Start of EXCERPTED DATA

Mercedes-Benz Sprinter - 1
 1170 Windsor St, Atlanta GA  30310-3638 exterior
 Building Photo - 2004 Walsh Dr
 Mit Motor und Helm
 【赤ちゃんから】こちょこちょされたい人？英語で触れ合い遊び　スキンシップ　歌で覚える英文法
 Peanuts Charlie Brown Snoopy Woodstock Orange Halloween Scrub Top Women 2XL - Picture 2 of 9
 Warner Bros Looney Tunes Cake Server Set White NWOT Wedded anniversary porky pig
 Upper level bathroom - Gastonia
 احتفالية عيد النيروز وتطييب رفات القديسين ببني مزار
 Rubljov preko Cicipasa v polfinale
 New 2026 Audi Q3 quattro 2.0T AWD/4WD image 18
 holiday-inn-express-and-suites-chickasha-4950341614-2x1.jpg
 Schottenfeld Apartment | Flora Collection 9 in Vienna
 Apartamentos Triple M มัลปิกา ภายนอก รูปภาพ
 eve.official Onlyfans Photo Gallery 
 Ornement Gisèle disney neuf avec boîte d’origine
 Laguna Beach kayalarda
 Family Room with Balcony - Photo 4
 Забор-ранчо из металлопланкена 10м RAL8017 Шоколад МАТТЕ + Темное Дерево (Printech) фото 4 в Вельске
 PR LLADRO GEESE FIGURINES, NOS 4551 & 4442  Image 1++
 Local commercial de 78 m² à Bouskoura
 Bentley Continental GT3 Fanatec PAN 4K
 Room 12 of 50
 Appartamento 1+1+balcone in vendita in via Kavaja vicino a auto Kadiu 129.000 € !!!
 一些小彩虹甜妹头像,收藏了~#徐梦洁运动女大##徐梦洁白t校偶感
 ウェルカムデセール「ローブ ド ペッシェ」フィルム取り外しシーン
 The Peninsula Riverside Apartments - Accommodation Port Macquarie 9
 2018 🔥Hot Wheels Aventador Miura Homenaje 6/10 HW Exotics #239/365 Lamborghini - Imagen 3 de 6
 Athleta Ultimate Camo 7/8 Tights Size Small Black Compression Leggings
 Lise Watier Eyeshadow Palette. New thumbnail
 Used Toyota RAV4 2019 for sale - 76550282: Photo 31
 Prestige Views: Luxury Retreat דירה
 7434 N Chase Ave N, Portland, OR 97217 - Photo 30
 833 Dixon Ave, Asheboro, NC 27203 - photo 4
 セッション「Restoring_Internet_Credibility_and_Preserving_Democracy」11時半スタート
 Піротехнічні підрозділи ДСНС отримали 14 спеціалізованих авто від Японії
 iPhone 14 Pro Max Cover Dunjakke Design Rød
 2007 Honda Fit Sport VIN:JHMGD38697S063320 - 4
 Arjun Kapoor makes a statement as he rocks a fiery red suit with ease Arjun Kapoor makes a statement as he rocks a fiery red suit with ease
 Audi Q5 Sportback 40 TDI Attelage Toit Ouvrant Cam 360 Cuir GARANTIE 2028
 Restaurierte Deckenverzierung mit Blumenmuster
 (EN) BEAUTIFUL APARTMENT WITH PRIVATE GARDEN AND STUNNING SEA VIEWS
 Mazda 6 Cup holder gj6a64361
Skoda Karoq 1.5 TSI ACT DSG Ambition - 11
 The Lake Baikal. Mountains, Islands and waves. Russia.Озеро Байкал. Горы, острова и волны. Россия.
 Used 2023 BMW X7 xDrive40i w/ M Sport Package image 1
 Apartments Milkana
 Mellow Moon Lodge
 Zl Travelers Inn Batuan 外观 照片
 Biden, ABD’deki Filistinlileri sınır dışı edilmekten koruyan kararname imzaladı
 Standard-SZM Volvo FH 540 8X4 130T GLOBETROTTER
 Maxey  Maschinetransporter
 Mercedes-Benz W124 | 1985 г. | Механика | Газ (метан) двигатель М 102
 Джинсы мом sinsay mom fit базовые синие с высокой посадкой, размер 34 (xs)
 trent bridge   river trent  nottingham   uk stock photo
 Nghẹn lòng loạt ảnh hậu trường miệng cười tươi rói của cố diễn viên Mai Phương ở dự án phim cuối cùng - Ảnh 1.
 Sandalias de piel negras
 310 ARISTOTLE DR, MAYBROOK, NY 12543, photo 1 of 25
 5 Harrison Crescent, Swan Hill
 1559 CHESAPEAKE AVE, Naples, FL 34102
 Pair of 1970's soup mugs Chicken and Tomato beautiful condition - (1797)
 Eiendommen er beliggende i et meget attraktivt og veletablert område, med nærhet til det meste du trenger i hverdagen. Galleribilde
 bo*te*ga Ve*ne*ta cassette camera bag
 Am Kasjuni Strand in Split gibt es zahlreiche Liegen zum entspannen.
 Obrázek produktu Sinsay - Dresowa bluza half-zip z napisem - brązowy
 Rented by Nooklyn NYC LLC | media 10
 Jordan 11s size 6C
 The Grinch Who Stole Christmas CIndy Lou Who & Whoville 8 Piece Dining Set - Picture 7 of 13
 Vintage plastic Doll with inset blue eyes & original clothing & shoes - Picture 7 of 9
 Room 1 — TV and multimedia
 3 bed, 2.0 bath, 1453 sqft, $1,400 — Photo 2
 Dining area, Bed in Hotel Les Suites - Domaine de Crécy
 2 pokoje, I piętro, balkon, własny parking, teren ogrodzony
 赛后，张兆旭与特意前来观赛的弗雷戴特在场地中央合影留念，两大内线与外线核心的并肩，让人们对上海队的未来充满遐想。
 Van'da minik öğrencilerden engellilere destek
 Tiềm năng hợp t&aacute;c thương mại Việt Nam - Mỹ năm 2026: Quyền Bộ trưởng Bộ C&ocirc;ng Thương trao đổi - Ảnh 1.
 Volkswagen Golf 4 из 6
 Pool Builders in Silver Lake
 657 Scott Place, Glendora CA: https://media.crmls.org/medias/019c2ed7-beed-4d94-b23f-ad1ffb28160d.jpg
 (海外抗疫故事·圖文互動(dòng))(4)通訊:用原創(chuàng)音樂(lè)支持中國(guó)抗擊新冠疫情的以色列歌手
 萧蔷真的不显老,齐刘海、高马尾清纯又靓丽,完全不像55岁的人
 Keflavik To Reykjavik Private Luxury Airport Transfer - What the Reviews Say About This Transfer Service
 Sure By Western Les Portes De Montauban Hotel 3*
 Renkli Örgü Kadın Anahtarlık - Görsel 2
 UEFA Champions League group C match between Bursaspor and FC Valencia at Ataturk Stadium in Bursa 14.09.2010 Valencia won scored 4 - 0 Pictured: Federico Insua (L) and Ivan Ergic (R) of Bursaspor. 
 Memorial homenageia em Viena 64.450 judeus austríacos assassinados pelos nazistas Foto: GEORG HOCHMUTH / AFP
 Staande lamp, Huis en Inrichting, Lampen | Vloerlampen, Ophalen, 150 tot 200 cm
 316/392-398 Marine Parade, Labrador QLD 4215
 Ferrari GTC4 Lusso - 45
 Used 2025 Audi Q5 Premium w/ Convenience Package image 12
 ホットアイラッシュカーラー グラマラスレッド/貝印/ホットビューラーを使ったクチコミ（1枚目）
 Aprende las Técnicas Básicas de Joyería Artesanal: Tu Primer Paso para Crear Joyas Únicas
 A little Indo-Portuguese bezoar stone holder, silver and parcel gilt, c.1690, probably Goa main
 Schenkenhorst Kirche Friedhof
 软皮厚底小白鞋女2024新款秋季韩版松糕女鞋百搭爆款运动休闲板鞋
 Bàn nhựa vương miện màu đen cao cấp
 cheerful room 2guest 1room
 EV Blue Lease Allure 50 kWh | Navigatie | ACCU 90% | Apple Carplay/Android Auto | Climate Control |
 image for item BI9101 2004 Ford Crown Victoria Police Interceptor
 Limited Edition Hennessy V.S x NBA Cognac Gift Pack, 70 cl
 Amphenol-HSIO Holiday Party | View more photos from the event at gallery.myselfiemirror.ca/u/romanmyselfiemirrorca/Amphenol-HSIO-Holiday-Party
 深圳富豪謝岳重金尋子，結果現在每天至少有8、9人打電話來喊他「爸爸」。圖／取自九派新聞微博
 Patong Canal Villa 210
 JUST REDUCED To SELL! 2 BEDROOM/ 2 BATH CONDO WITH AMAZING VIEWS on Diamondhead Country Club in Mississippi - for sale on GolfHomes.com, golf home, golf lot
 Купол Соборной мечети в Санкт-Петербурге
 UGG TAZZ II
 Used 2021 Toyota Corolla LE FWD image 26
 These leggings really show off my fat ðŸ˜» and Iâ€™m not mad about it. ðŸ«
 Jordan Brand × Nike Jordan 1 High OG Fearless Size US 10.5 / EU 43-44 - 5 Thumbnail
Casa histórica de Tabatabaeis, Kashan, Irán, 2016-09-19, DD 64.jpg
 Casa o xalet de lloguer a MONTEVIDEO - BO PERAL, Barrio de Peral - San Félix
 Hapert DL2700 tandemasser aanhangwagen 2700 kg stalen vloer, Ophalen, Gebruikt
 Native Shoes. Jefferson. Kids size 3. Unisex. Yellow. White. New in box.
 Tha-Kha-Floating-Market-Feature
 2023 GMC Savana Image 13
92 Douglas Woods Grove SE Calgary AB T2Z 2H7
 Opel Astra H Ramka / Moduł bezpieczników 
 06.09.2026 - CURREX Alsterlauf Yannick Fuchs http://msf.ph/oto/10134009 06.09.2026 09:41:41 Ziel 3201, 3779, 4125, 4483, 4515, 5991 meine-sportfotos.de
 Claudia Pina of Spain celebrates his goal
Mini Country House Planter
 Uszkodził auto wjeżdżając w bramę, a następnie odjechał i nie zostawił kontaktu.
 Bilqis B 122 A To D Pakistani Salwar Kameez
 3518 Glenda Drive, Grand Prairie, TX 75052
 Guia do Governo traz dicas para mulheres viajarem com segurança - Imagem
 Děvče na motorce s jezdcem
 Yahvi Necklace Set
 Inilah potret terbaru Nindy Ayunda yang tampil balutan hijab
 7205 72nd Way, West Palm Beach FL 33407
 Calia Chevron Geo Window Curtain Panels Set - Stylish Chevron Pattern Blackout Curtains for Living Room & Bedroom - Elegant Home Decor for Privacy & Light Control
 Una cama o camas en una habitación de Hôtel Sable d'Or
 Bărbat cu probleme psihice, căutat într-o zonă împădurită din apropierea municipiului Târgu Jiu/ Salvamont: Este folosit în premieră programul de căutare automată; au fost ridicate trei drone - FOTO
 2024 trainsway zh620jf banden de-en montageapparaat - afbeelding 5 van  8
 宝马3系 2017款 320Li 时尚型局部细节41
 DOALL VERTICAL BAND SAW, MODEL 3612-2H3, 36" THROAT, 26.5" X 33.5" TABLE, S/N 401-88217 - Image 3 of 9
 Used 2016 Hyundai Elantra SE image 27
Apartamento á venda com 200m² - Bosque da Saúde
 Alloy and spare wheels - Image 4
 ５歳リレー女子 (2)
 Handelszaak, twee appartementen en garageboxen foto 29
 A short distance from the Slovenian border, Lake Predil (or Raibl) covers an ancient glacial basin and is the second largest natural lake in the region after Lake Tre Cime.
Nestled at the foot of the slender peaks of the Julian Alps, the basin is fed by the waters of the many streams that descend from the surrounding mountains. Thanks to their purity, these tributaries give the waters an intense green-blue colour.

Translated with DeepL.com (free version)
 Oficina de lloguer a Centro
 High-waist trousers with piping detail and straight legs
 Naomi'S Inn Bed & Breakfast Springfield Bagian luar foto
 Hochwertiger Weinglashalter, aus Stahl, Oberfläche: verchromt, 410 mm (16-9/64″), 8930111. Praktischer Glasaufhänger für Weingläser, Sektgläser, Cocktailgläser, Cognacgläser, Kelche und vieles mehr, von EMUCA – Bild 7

End of EXCERPTED DATA

WHAT THE EXERCISE ASKS:
Reproduce word for word the material above, beginning with the line that contains "Bărbat cu probleme" and ending with the line that contains "Naomi'S Inn Bed".

EXERCISE OUTPUT:
 Bărbat cu probleme psihice, căutat într-o zonă împădurită din apropierea municipiului Târgu Jiu/ Salvamont: Este folosit în premieră programul de căutare automată; au fost ridicate trei drone - FOTO
 2024 trainsway zh620jf banden de-en montageapparaat - afbeelding 5 van  8
 宝马3系 2017款 320Li 时尚型局部细节41
 DOALL VERTICAL BAND SAW, MODEL 3612-2H3, 36" THROAT, 26.5" X 33.5" TABLE, S/N 401-88217 - Image 3 of 9
 Used 2016 Hyundai Elantra SE image 27
Apartamento á venda com 200m² - Bosque da Saúde
 Alloy and spare wheels - Image 4
 ５歳リレー女子 (2)
 Handelszaak, twee appartementen en garageboxen foto 29
 A short distance from the Slovenian border, Lake Predil (or Raibl) covers an ancient glacial basin and is the second largest natural lake in the region after Lake Tre Cime.
Nestled at the foot of the slender peaks of the Julian Alps, the basin is fed by the waters of the many streams that descend from the surrounding mountains. Thanks to their purity, these tributaries give the waters an intense green-blue colour.

Translated with DeepL.com (free version)
 Oficina de lloguer a Centro
 High-waist trousers with piping detail and straight legs
 Naomi'S Inn Bed & Breakfast Springfield Bagian luar foto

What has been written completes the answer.